In published reports Saturday, Harper organizers accused Day of courting Pentecostals, Catholics opposed to abortion, Orthodox Jews, and members of the Dutch Reform Church in order to regain his post.

Those attacks are no different from remarks made by Parizeau in 1995, when he blamed ethnic minorities for costing separatists a referendum victory on sovereignty, Day's supporters said.

"This was wrong of Parizeau and it's wrong for Stephen Harper to do the same," said MP Gerry Ritz on Saturday.

"Stephen's is a campaign of exclusion that appears to be targeting minorities. That's not leadership, that's not building alliances, that's building firewalls."

In media reports Saturday, Tom Flanagan, Harper's campaign manager, stepped up a war of words about religious and ethnic minorities.

"(Day) is trying to string together a coalition of single-interest groups to win," Flanagan said. "It is very dangerous for the party if it gets taken over by special interest groups."

Eric Duhaime, Day's spokesman, questioned why the presence of minorities in the party would pose any threat, especially when many of Harper's supporters are Christian pro-life supporters and evangelicals.

He added that a controversy stirred up by Harper and Grant Hill, another leadership contender, over party members recruited by the Day campaign were a desperate attempt to smear Day.

"Attacking people who support another candidate within your own party, building firewalls to exclude people of certain faiths from your own party, starting a whisper campaign about memberships in your own party - these are signs of desperation," he said.

On Friday, Hill accused the Day campaign of trying to sign up people for memberships without their knowledge or consent, through an email campaign to volunteers.

Duhaime called the accusation groundless, noting that the email referred to soliciting money from the people who are being signed up.

"If it's their money, how can they not know they are being signed up?" he asked.

Hill asked the party's national council to do an independent audit of Day's memberships.
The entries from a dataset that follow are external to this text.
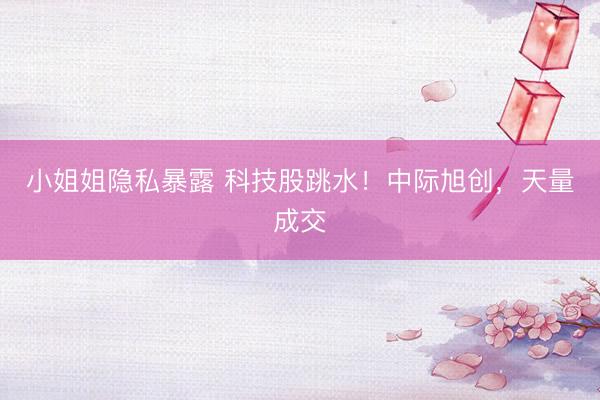 小姐姐隐私暴露 科技股跳水!中际旭创,天量成交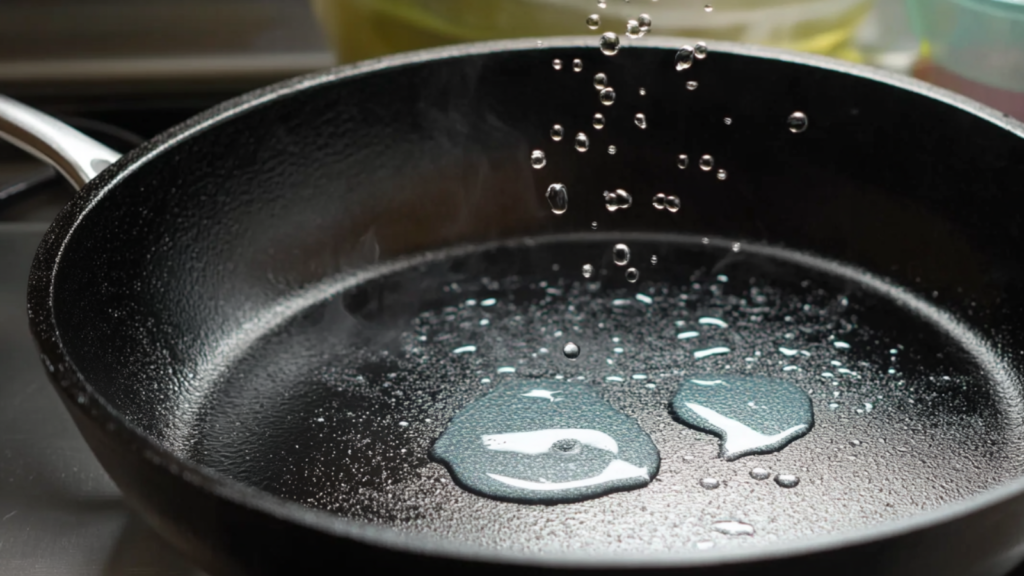 preheated cast iron pan
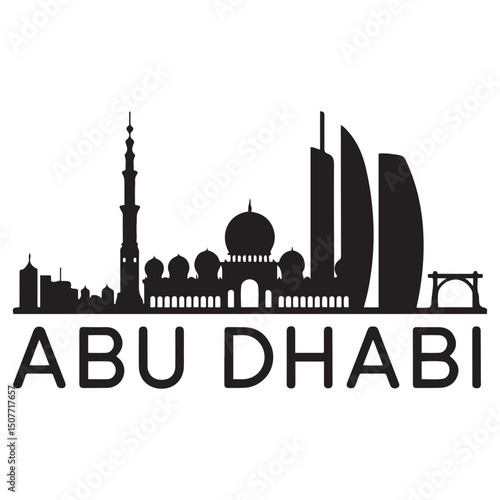 Vector Abu Dhabi skyline. Travel Abu Dhabi famous landmarks. Business and tourism concept for presentation, banner, web site. Vector black silhouette. with white background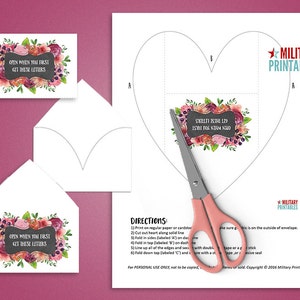 Abrir cuando sobres, abrir cuando cartas, plantilla de sobre imprimible, tarjeta de relación de larga distancia, nota de amor, paquete de atención, mini sobre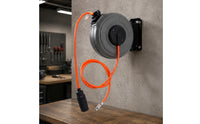 Automatic Retractable Hose Reel Compact Utility Equipment Orange for Garage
Council officials were not immediately available for comment Saturday.

Without minorities, the party could be seen as intolerant and undemocratic, Ritz said.
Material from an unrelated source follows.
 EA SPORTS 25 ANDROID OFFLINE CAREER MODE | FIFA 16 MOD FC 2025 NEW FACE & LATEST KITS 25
"Unlike the Harper campaign, we welcome all common sense Canadians, also including libertarians, fiscal conservatives, democratic reformers, gun owners and every other person who wants positive change for Canada."

The evangelical Christian and anti-abortion issues have been simmering on the Alliance back-burner for months, before reappearing in this leadership race.

In 2000, supporters of Preston Manning, then a leadership contender, accused Day of courting the pro-life vote.

The strategy backfired, and Manning lost support from many on the Christian right.

On Friday, the lobby group Campaign Life Coalition backed down on its call for membership donations that would be used to attract pro-life members who would endorse either Day or Hill.

According to new rules, only individuals can purchase memberships through e-mail, riding association offices or leadership campaign officials, and they must give their consent. Groups cannot purchase memberships.

Campaign Life president Jim Hughes said his group had no idea the rules had changed.

The group mailed out more than 100,000 letters to supporters asking for money to buy party memberships, and urging people to vote for both Day or Hill.